Marchosias’ shrine is on the list in need of cleaning. I sigh in relief. It means there have been a number of offerings made, which bodes well for her and her popularity. I sign my name next to Marchosias’ slot as caretaker, giving Susan the secretary an exhausted smile. I walk down to the basement where the lockers are. St. Magdalena’s is more open than other churches to keeping its doors open after hours, sometimes well into the night, allowing us volunteers free rein of the grounds while we work. I slam the locker door, tying my apron on. It has a tag with the word ‘Volunteer’ and my name on it.
I walk down the silent and dark hallway, hands in my pockets, challenging myself to not fear the dark. The church is transformed after hours. It’s all dark except for the candles flickering from the altars, a few wall lamps that are lit so we can see. Outside of those spheres of light, the darkness swarms heavy, and this place of worship and safety suddenly seems sinister. I grab the metal pail at the head of the stairs and make my way over the sea of silent marble to Marchosias’ shrine.
I can smell the blood biscuits going stale, some meat that’s beginning to go bad. I light the match and touch its flame to the wall torque, lowering the stained glass covering the torque so the light is dimmed to a purplish, pinkish glow.
It settles around the shrine and around her body. Her belly is rounded beneath her flowing robe, her hands settled around the soft mound. Her wolf grin is pleasant in the glow of the shrine. Her penitents this week are putting me to work tonight; her offerings are raw steaks, already beginning to turn black, some breads and pastries.
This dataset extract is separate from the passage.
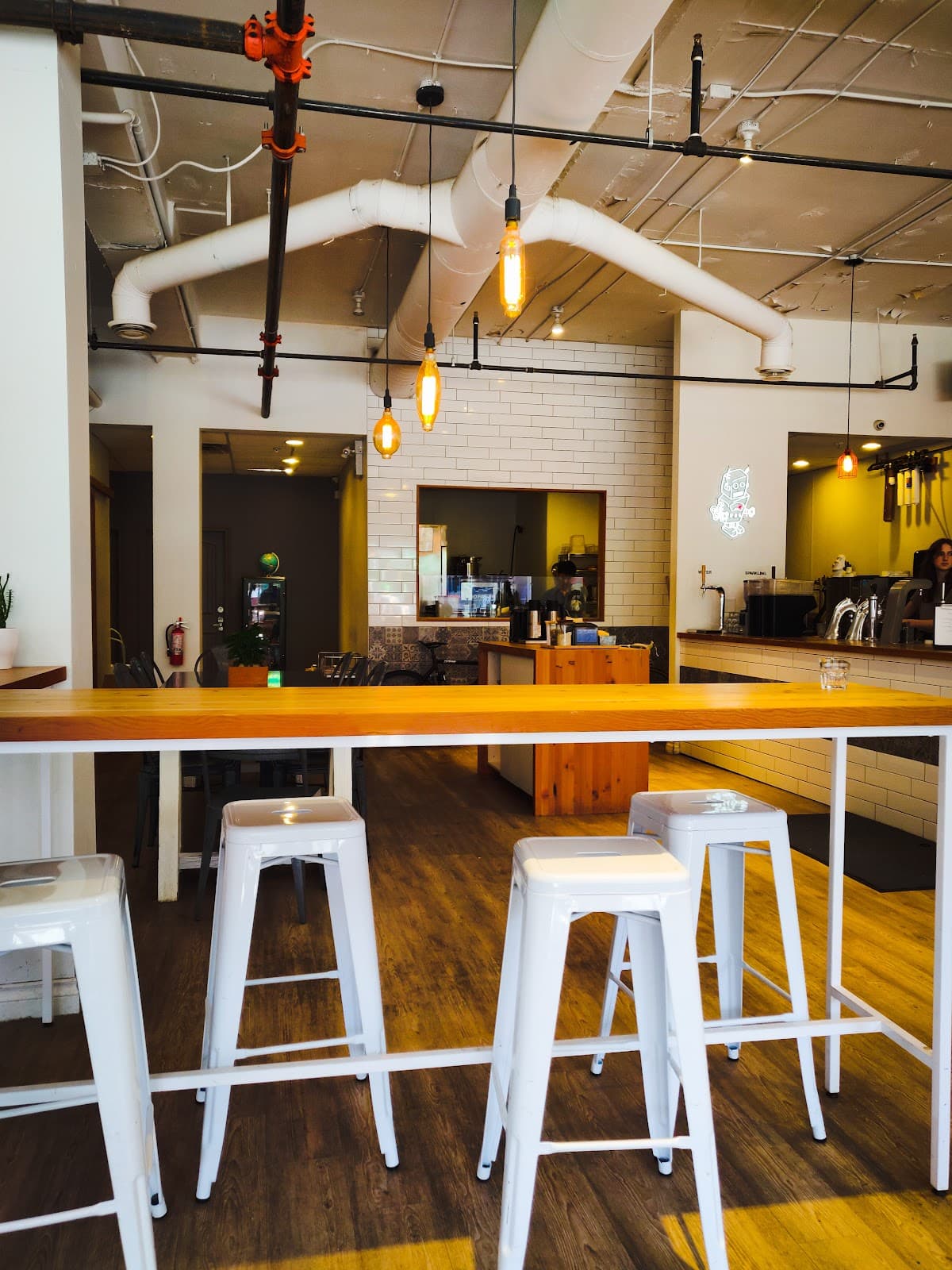 Propaganda coffee - specialty coffee shop in Vancouver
The goblet is filled with milk, some of it sloshed out of the cup and onto the stone beneath. I dump the food into the pail, using a piece of biscuit to clean off each plate. It makes a wet sound that slightly disgusts me when it hits the rest of the food in the pail. I pull my rubber gloves out of my apron, making my way with a full pail back into the basement, this time turning left where I turned right previously to go to the lockers.
The dark hallway leads to several doors, but the one I’m looking for is to my right. The courtyard is dark and silent. I bite the handle of my flashlight between my teeth directing the light towards the compost pile. Flower beds rise and fall on every side of me. I pull open the gate and it creaks, leading me into the wilder parts of the garden. Where the things that rot go. The compost pile is in the center of the clearing, a large wooden fence built all around it. I make my way to the fence and climb up on the lowest rung. I turn the pail upside down, dumping the food in. There are maggots as long as my fingers wriggling in the soil. There are so many that it looks as if the soil itself is moving, heaving up and down. Breathing. Sacrifice taking on new life.
I turn away from the mound before I feel the retch forming in my mouth, walking back the way I came. I am cleaning the goblets and silver offering plates in the kitchen when I hear Erica’s laugh. I turn off the water and listen. I shut off the kitchen light and stand very still. She wasn’t on the list of volunteers for the night. Her laugh is mingled with someone else’s. It’s low, seductive, and the man is aroused. I can taste it in the way he breathes in before he speaks. His laugh is a galaxy of blue with specks of darker blue in nimbus clouds. Hers is the white of winter, a cold slash in the dark. It’s Jonah. And Erica. I close my eyes and my soapy hand closes around the moon locket hanging from my neck.